企業会計基準等において求めることとされている不動産の価格を「財表価格調査の基本的考え方」に定める方法により求める価格調査をいい、原則として鑑定評価基準に則った鑑定評価(簡易ではない正式な鑑定評価)を行います。また、原則的時価算定である旨を成果報告書に記載しなければなりません。例外( = 鑑定評価基準に則らない価格調査)としては、鑑定評価基準に則らないことに合理的な理由がある場合があげられます。これら例外のケースは次のようになります。
(1) 造成工事中又は建築工事中の状態を所与として対象不動産に建物以外の建設仮勘定(未竣工建物及び構築物に係る既施工部分)を含む価格調査を行う場合
(2) 造成工事又は建築工事の完了後の状態を前提として行う価格調査を行う場合
(3) 土壌汚染の可能性を考慮外とする価格調査を行う場合
(4) 建物環境についてアスベスト等の有害物質の存在の可能性を考慮外とする価格調査を行う場合
(5) 埋蔵文化財又は地下埋設物の埋蔵又は埋設の可能性を考慮外とする価格調査を行う場合
(6) 過去に鑑定評価基準に則った鑑定評価が行われたことがある不動産の再評価を行う場合
ただし、直近に行われた不動産鑑定評価基準に則った鑑定評価又はそれ以外の原則的時価算定を行ったときから、相対的に説得力が高いと認められる鑑定評価手法の選択適用により求められた価格や適切に市場価格を反映していると考えられる指標に重要な変化が生じていない場合には、直近に行われた鑑定評価基準に則った鑑定評価又はそれ以外の原則的時価算定に、対象不動産の種類に応じた適切な調整を行い時価を算定することを妨げないとされています(原則的時価算定に準じた算定)。
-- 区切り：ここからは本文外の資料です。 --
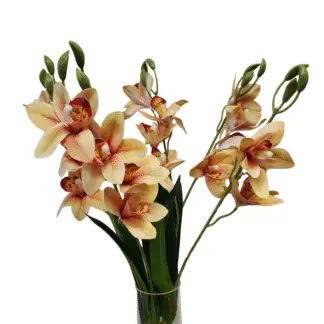 20 Head Apricot Orchid Bunch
上記によれば、原則的時価算定は以下のサイクルで行うことになりますが、 GIPS*により、3年に一度は正式な鑑定評価が求められています。
正式な鑑定評価…1年目:価格時点X年Y月Z日(適用可能な評価手法は全て適用)
正式な鑑定評価の時点修正…2年目:価格時点X+1年Y月Z日(評価手法等は1つでも良い)
正式な鑑定評価の時点修正…3年目:価格時点X+2年Y月Z日(同上)
正式な再鑑定評価…4年目:価格時点X+3年Y月Z日(適用可能な評価手法は全て適用)
以降、繰り返し
※グローバル投資パフォーマンス基準(Global Investment Performance Standards)は、投資パフォーマンス実績の公正な表示と完全な開示を確保するために定められた基準で、日本証券アナリスト協会が批准しています。